**Recorded data**.
= Beginning of Section =

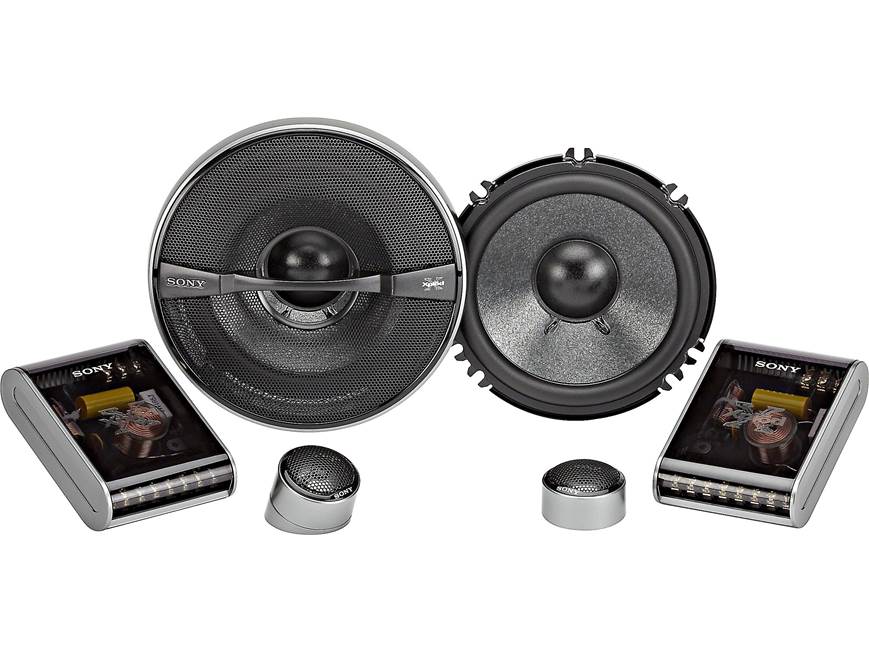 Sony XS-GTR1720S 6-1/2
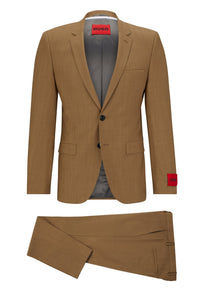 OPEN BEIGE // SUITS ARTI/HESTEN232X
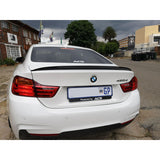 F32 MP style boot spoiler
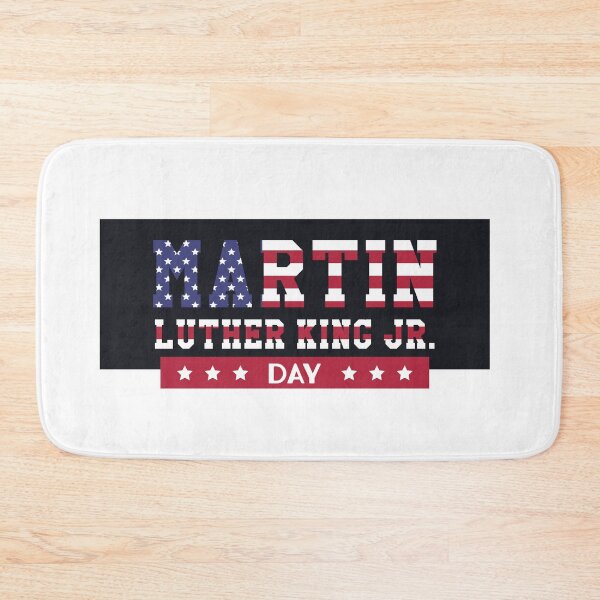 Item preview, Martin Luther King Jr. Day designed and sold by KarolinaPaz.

= End of Section =

**What the task requires**.
Copy out all the data above exactly, pictures excluded.

**Written solution**.
 Sony XS-GTR1720S 6-1/2
 OPEN BEIGE // SUITS ARTI/HESTEN232X
 F32 MP style boot spoiler
 Item preview, Martin Luther King Jr. Day designed and sold by KarolinaPaz.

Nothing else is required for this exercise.